[[ Data shown, beginning ]]

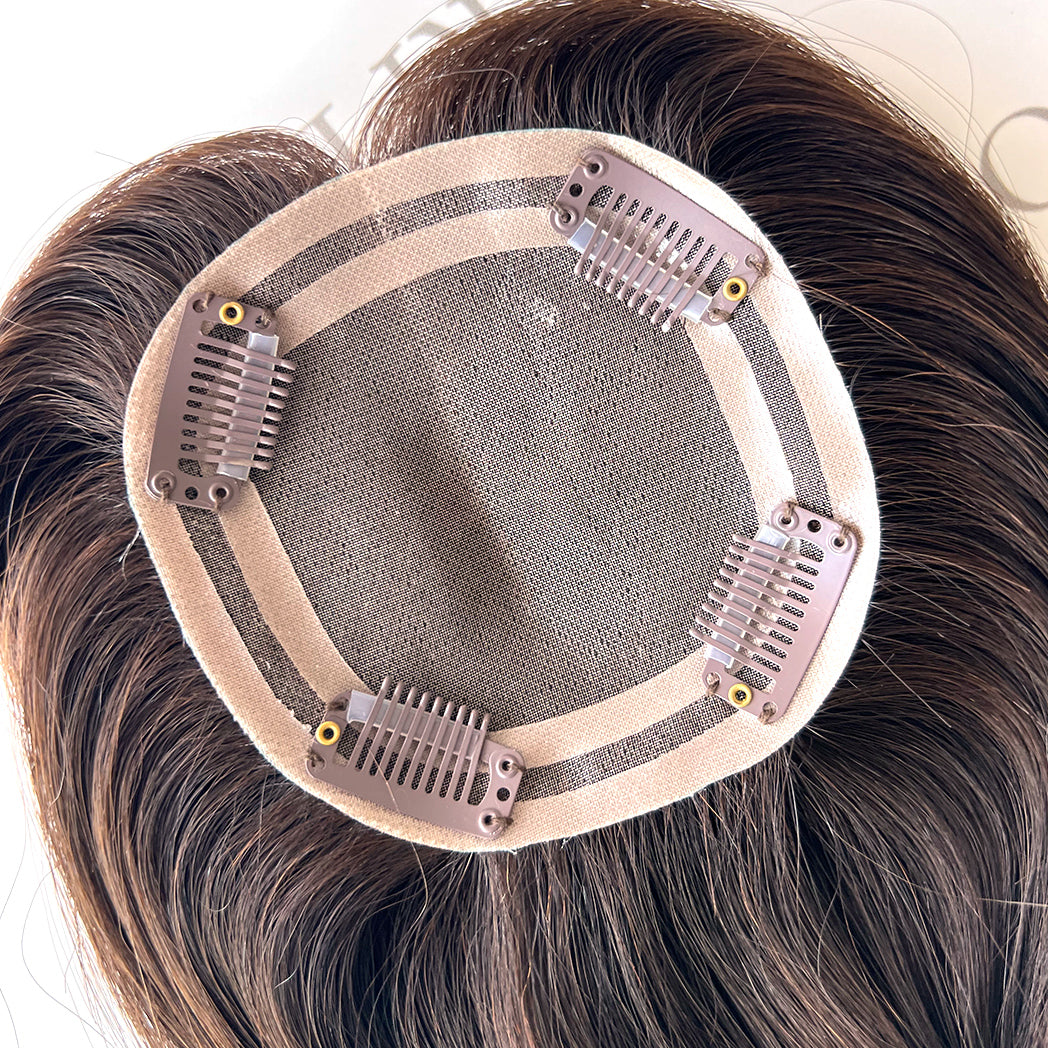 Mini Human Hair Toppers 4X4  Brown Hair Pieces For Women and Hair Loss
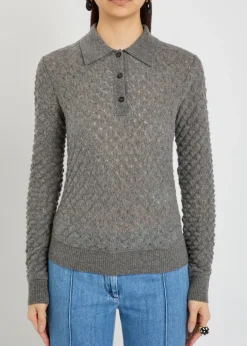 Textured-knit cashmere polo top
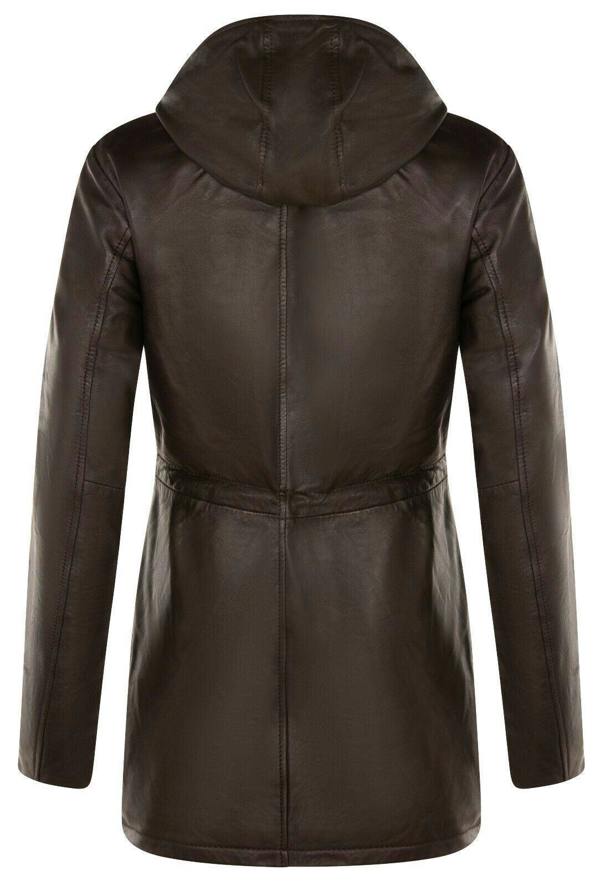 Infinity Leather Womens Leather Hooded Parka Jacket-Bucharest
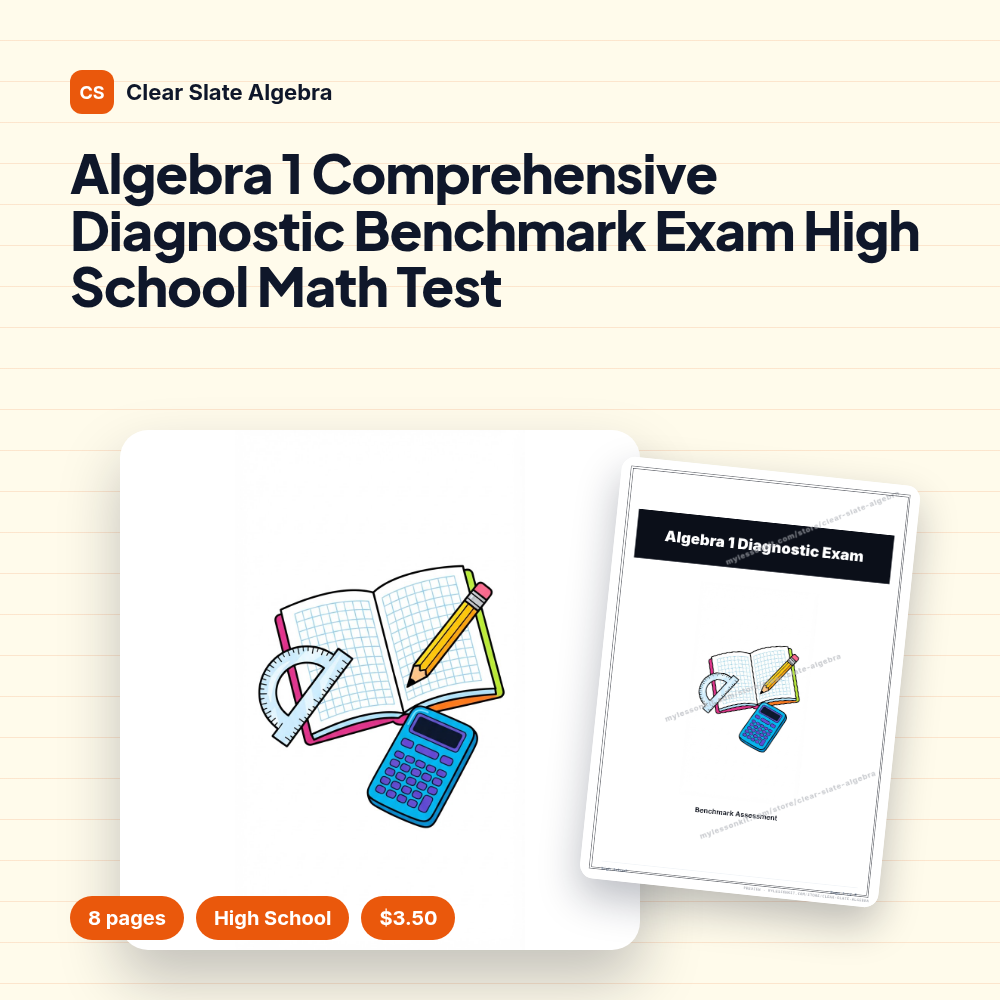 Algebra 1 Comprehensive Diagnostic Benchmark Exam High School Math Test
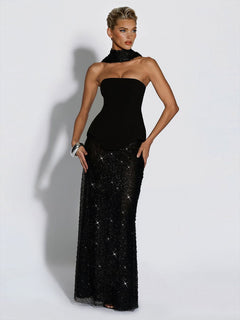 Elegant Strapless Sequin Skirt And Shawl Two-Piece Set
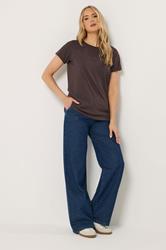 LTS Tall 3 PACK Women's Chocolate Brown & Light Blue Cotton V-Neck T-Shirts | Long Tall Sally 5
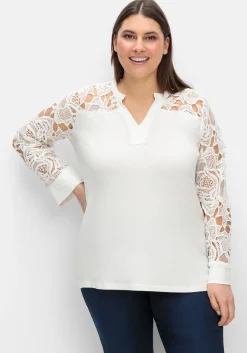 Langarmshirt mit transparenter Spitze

[[ Data shown, end ]]

Work required — Your task is to retype the lines running from the one that contains "Elegant Strapless Sequin" through the end of the records, and nothing else. Pictures are not part of the copy.

Answer space —
 Elegant Strapless Sequin Skirt And Shawl Two-Piece Set
 LTS Tall 3 PACK Women's Chocolate Brown & Light Blue Cotton V-Neck T-Shirts | Long Tall Sally 5
 Langarmshirt mit transparenter Spitze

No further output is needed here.